In 1616, after distinguishing himself in the Kalmar War from 1611 to 1613, he was appointed as Admiral of the Realm and a member of the Privy Council. In 1618 he was sent on a mission to Gottorp and in 1620 to Bremen and that same year he commanded a fleet in the North Sea.
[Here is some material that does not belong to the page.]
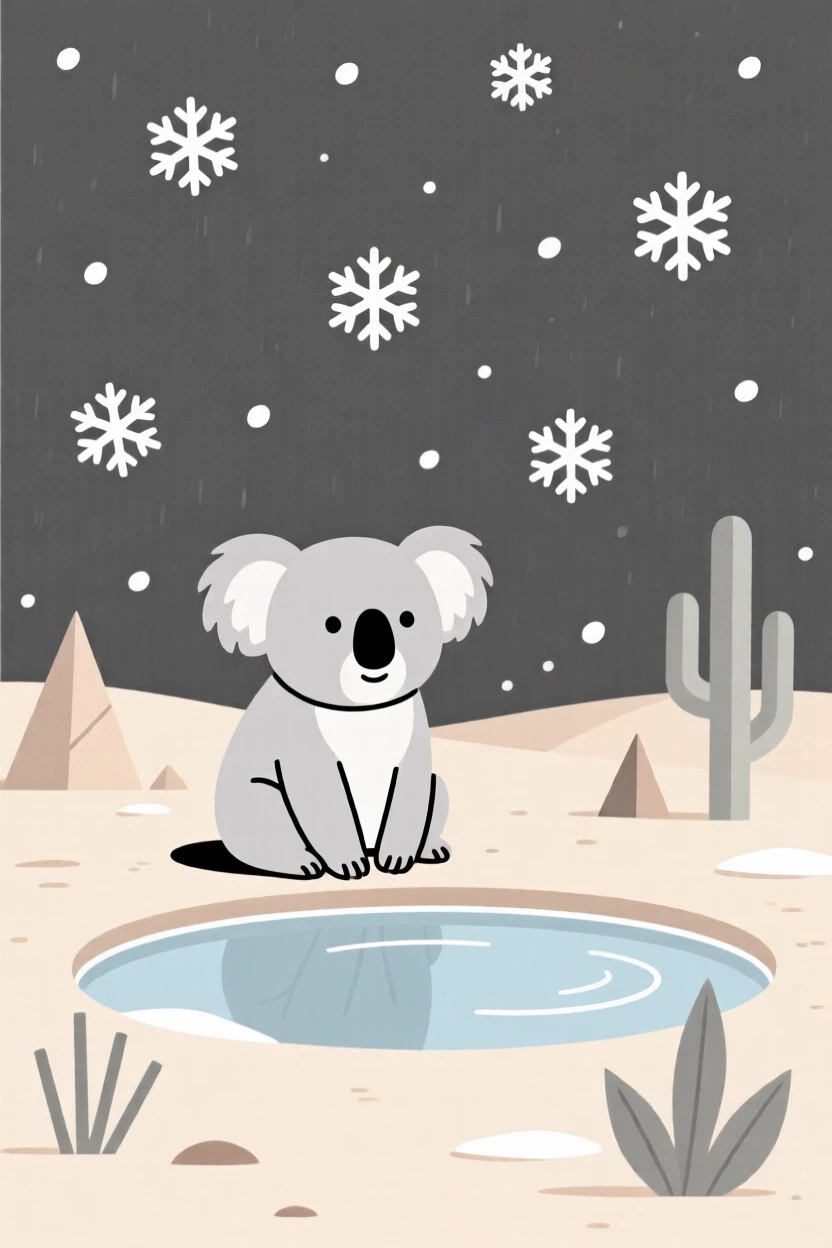 A curious koala pausing in a desert oasis, with falling snowflakes in the background, radiating gentle curiosity.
In the 1620 he embarked on criticism of Christian IV's foreign policies and, after a confrontation with the king, was forced to resign. In 1629 he was a commissioner at the peace negotiations at Lübeck, and in 1631 and 1632 he was present at the Swedish peace negotiations at Lübeck. He died on 9 April 1639 and is buried at Ribe Cathedral.

==Holdings==
Skeel held Riberhus as a fief from 1601 to 1627 and again from 1628 to 1639. He acquired Katholm Manor in 1616.

==Family==
Skeel was married to Berte Nielsdatter Friis Af Hesselager (1583-1652). They were the parents of the following children:
- Christen Albretsen Skeel (1603-1659), landowner and pricy councillor
- Otte Skeel, til Broholm, Katholm & Hessel (1605-1644)
- Anne Albertsdatter Skeel, til Hegnet, Halkær, Krastrup etx (1607-1662), married to Manderup Due (Taube), til Halkjær, Krastrup og Sønderskov (1598-1660)
- Margrethe Albretsdatter Skeel (1626-1647), married to Erik Holgersen Rosenkrantz (1612-1681)
- Christoffer Albretsen Skeel (1604 - 1622)
- Karen Albretsdatter Skeel (1611-1627)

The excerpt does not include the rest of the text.